Systems biology is one of those scientific disciplines that made me feel like an outsider. It was a like a clique I didn’t understand, but really wanted to be a part of nonetheless. Systems has become a bit of a buzz word in the biology community, one that has not been thoroughly defined. Last week I finally had the chance to take a look behind the buzz at a talk by Pamela Silver, Professor of Systems Biology at Harvard Medical School.

Silver started out by saying that “systems biology aims to understand what evolution has given us.” Systems biology labs combine biology and engineering to figure out why certain experiments didn’t work and to engineer biological constructs to serve our ends (synthetic biology). The goal of the talk was to give a broad overview of the field, using examples of projects from Silver’s own lab.

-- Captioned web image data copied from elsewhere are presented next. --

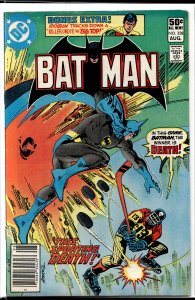 Batman #338 (1981) Batman
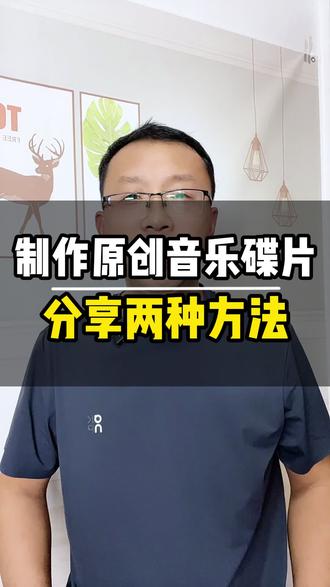 如何制作原创音乐碟片?分享两种方法!#原创音乐碟片 #抖音操作技巧 #对口型唱歌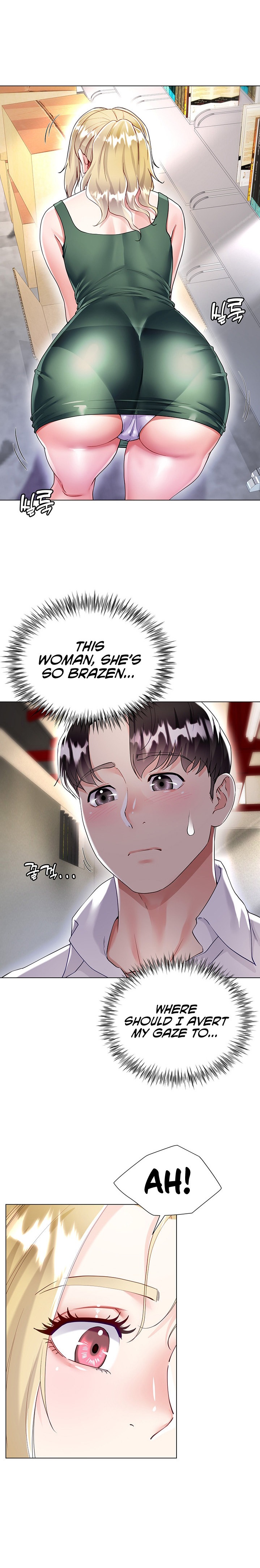 My Sister-in-law’s Skirt - Chapter 17 [photo 12] - MangaPorn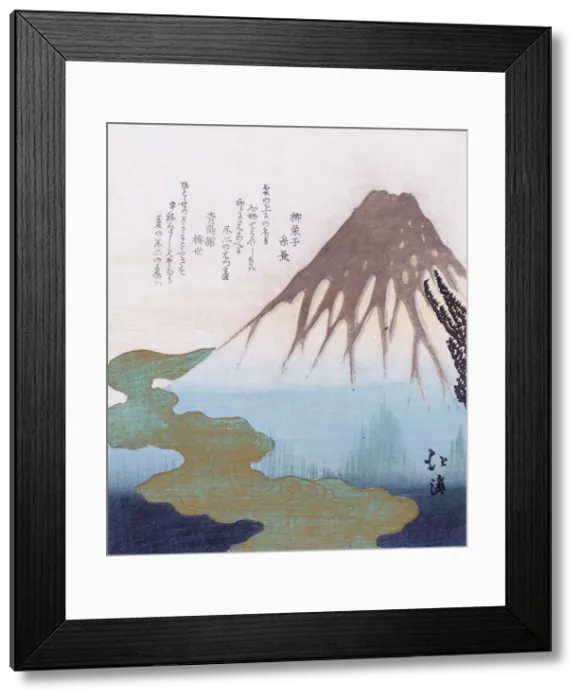 Framed Print : Mount Fuji above the Clouds, c1820. Creator: Toyota Hokkei (1780 - 1850) Framed Print : Mount Fuji above the Clouds, c1820. Creator: Toyota Hokkei (1780 - 1850)
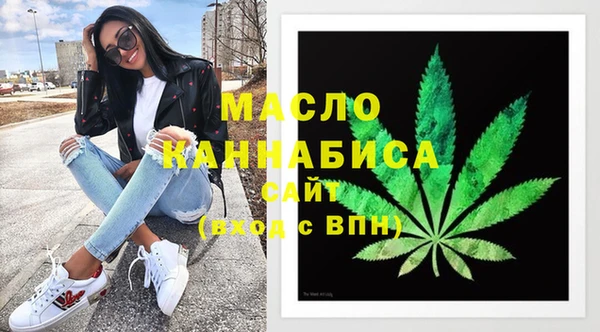 стафф Абдулино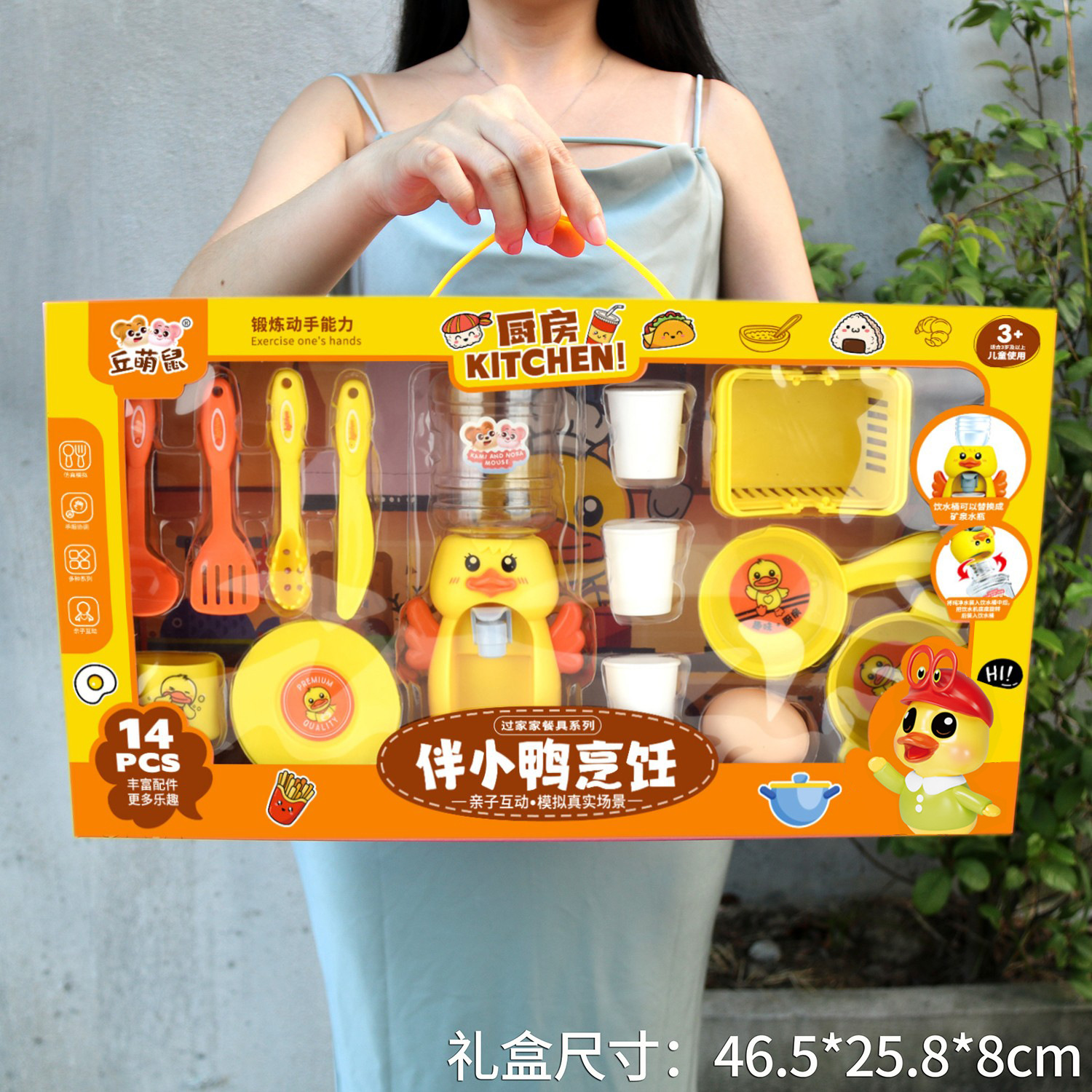 O1CN01wJKkP727hHI44e2Iz_!!3719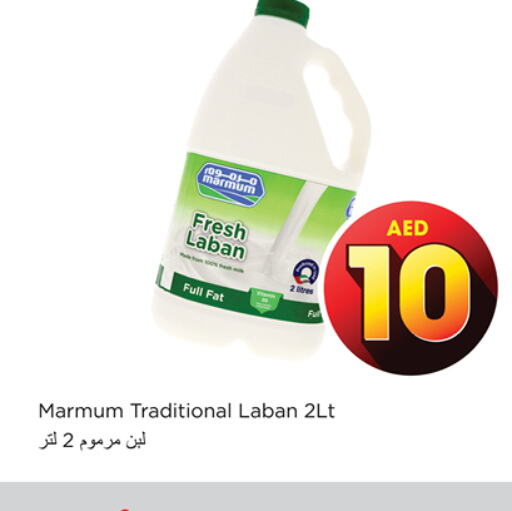 MARMUM Fresh Milk  in نستو هايبرماركت in الإمارات العربية المتحدة , الامارات - الشارقة / عجمان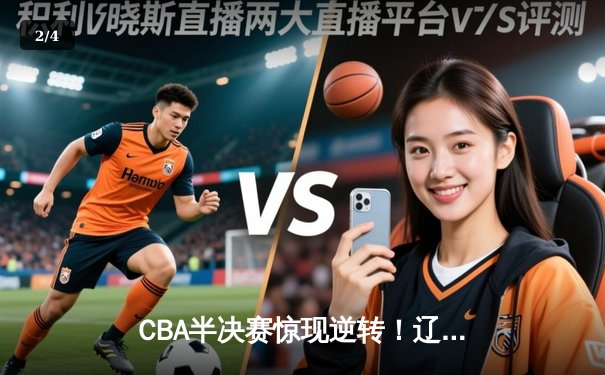 CBA半决赛惊现逆转！辽宁本钢加时险胜广东宏远，赵继伟砍下33分创生涯新高 - 2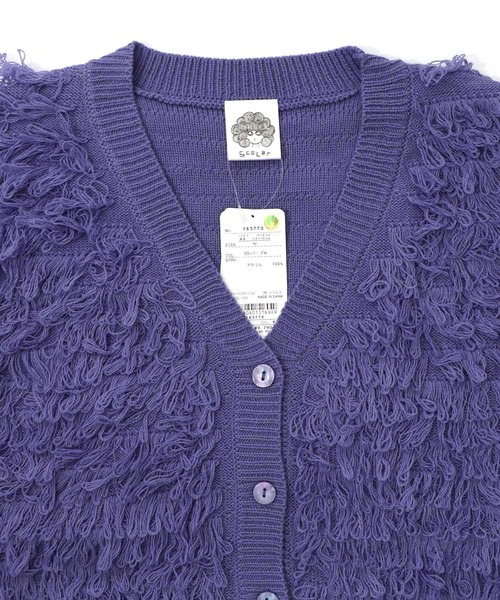 ScoLar（スカラー）の「153770：バイカラーフリンジニットカーディガン（カーディガン/ボレロ・レディース・ブラック/パープル・M）」の10枚目の写真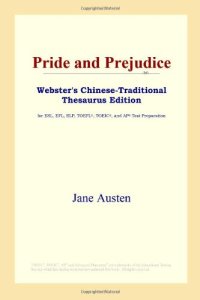 cover of the book Pride and Prejudice (Webster's Chinese-Traditional Thesaurus Edition)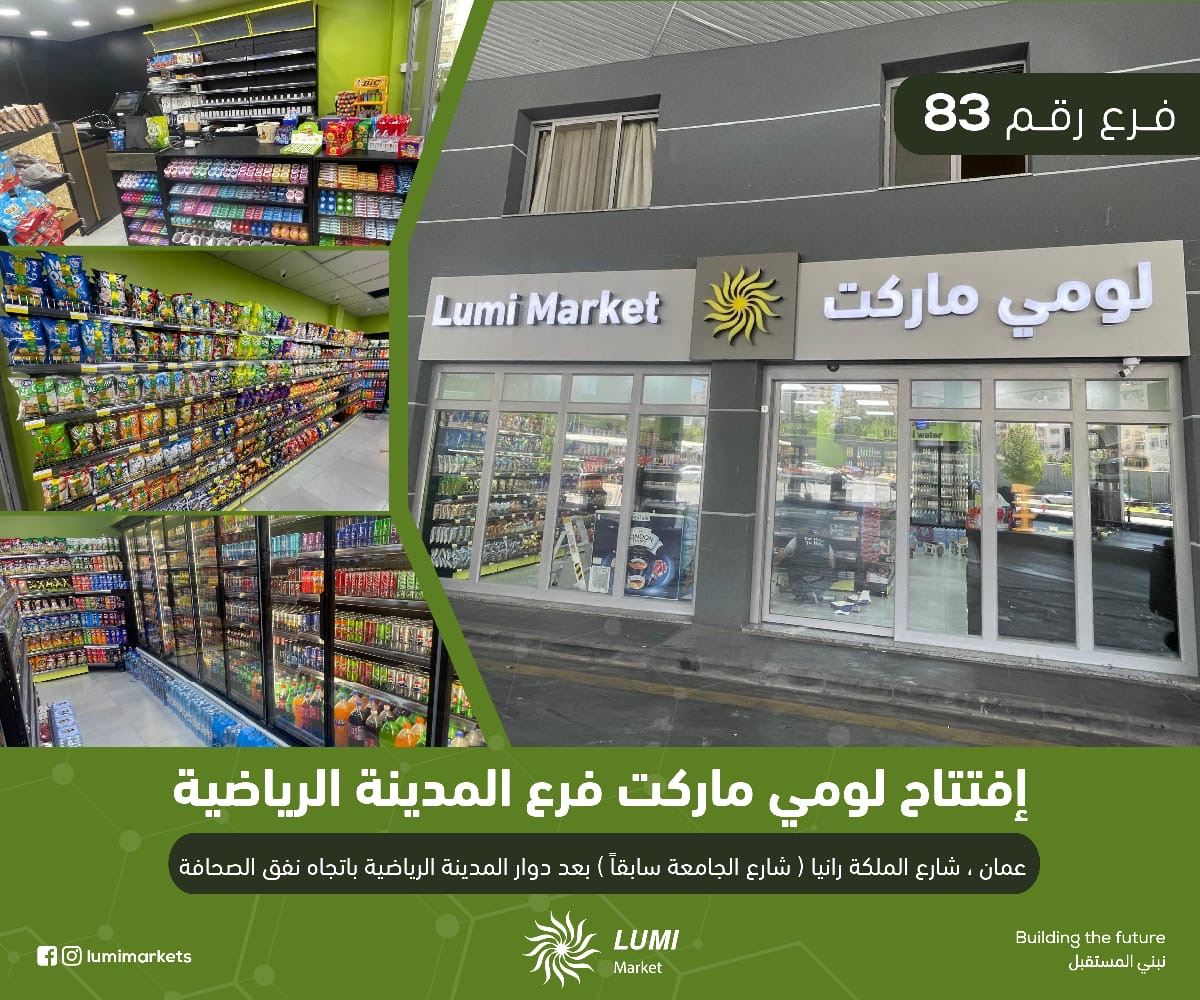 جو 24 : الفرع رقم 83 من أسواق لومي ماركت المدينة الرياضية في خدمتكم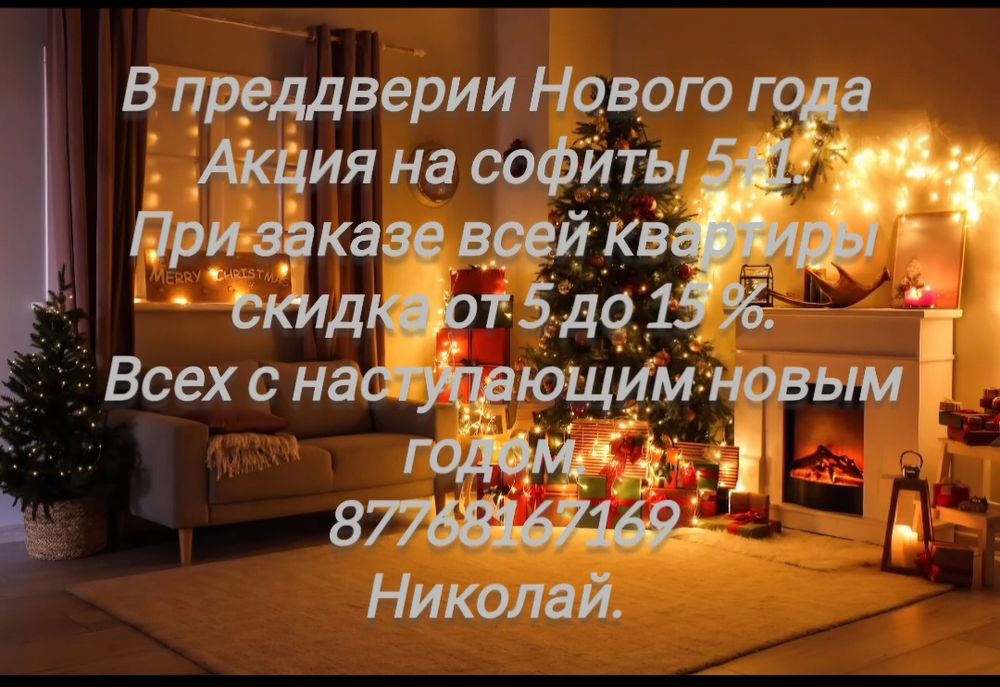 Натяжные потолки 1600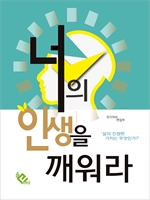 ���� �λ��� ������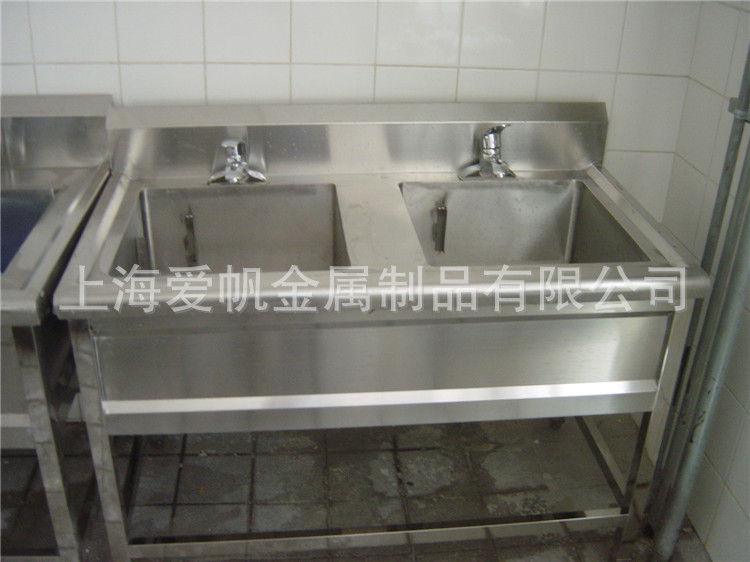 2sink washing table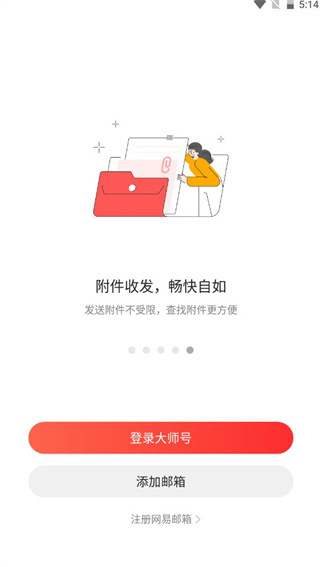 邮箱大师2025最新版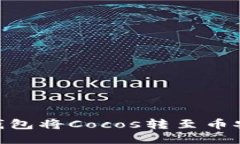 如何通过Tokenim钱包将Coc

The first of such projects was the generation of a yeast cell line that can count the number of times they have divided and remember their age. Fluorescent markers are placed under the control of complicated combinations of promoters and transcriptional activators that drive transcription only after cell division, coloring the daughter cells. This technique could allow the isolation of a population of cells of the same age, but unfortunately, the cells can currently only count to two. The lab also works on engineering fuel production from microbes, such as cyanobacteria, by harnessing the power that goes into forming C-C bonds and using it to generate hydrogen, and on understanding genome structure by assessing the role of introns in gene expression.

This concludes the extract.